Documentation ¶
Overview ¶
Package logplexc provides Logplex clients that can be linked into other Go programs.
Most users will want to use logplexc.Client, which implements a concurrent client, including periodic flushing, dropping, statistics accumulation, and request-level parallelism. logplexc.Client is built with logplexc.MiniClient.
To use the client, call NewClient with a configuration structure:
cfg := logplexc.Config{ Logplex: "https://t:123@my.logplex.example.com", HttpClient: client, RequestSizeTrigger: 100 * KB, Concurrency: 3, Period: 3 * time.Second, } c, err := logplexc.NewClient(&cfg) defer c.Close() // Messages will be periodically flushed. c.BufferMessage(...)
Those with advanced needs will want to use the low level logplexc.MiniClient, which implements log formatting, buffering, and HTTP POSTing.
Index ¶
Constants ¶
This section is empty.
Variables ¶
This section is empty.
Functions ¶
This section is empty.
Types ¶
type Bundle ¶
type Bundle struct { MiniStats // contains filtered or unexported fields }
A bundle of log messages. Bundles are used to act as buffers of multiple log records as well as the unit of work for submittted to Logplex.
type Client ¶
type Client struct {
// contains filtered or unexported fields
}
A Logplex embeddable client implementation that includes concurrency, dropping, and statistics gathering.

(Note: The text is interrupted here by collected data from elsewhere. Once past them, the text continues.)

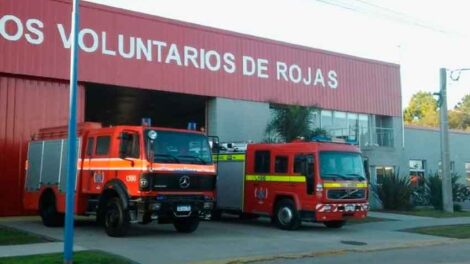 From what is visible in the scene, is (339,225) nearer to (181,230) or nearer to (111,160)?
(181,230)

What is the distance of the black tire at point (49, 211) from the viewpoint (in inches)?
676

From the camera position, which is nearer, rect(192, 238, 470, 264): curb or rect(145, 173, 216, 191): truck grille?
rect(192, 238, 470, 264): curb

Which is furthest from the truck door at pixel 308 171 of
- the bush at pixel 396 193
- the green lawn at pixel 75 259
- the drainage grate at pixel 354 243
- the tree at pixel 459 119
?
the tree at pixel 459 119

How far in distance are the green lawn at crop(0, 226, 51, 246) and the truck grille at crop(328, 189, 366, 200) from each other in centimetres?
825

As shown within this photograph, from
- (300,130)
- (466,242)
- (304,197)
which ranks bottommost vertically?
(466,242)

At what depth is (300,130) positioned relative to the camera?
2480cm

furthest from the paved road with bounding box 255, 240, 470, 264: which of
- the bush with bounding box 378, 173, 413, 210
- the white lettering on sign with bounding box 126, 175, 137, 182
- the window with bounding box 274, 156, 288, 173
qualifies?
the bush with bounding box 378, 173, 413, 210

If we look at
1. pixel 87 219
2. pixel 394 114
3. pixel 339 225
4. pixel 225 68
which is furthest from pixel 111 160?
pixel 394 114

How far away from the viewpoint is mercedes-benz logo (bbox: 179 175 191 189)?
15.1 meters

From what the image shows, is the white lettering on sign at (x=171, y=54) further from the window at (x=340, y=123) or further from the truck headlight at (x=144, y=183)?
the truck headlight at (x=144, y=183)

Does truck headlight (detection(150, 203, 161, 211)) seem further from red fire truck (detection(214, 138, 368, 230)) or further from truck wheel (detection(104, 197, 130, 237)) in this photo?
red fire truck (detection(214, 138, 368, 230))

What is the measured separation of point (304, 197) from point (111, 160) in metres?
6.04

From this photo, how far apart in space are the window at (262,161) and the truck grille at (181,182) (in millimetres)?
4039

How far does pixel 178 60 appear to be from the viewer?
25.3m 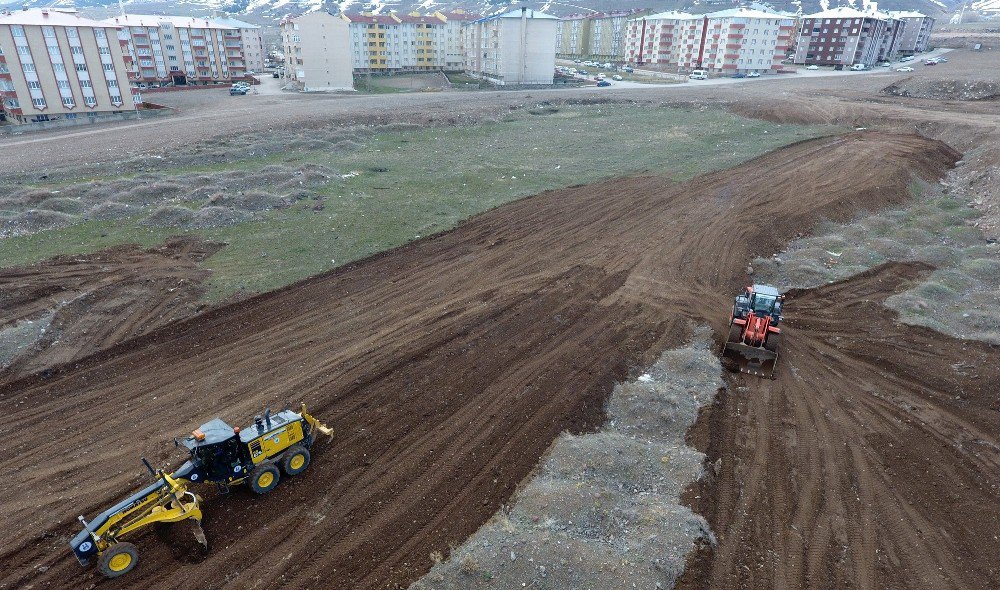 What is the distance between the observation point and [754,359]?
1537 cm

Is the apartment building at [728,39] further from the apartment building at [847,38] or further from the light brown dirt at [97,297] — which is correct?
the light brown dirt at [97,297]

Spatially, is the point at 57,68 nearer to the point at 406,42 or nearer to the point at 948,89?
the point at 406,42

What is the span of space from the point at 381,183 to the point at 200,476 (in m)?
23.0

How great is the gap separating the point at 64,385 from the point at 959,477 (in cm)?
2192

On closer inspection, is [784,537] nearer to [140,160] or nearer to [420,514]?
[420,514]

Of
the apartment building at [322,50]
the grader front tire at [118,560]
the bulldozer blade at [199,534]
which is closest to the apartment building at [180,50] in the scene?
the apartment building at [322,50]

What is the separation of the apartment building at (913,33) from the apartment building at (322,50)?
10368 centimetres

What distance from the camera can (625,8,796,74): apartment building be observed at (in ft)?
278

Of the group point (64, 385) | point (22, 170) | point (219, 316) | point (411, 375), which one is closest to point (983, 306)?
point (411, 375)

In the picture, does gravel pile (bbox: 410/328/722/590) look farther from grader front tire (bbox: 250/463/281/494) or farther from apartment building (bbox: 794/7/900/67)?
apartment building (bbox: 794/7/900/67)

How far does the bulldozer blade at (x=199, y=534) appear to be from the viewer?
933 centimetres

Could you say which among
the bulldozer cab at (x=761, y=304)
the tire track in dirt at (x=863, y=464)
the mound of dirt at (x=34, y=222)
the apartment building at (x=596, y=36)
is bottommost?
the tire track in dirt at (x=863, y=464)

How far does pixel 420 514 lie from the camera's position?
10.3 meters

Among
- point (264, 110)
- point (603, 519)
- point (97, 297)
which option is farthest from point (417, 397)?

func (*Client) BufferMessage ¶
func (*Client) Statistics ¶
type MiniClient ¶
type MiniClient struct { // Configuration that should not be mutated after creation MiniConfig // contains filtered or unexported fields }
MiniClient implements a low-level, synchronous Logplex client. It can format messages and gather statistics. Most uses of logplexc are anticipated to use logplexc.Client.
func NewMiniClient ¶
func NewMiniClient(cfg *MiniConfig) (client *MiniClient, err error)
func (*MiniClient) BufferMessage ¶
func (c *MiniClient) BufferMessage( priority int, when time.Time, host string, procId string, log []byte) MiniStats
Buffer a message for best-effort delivery to Logplex.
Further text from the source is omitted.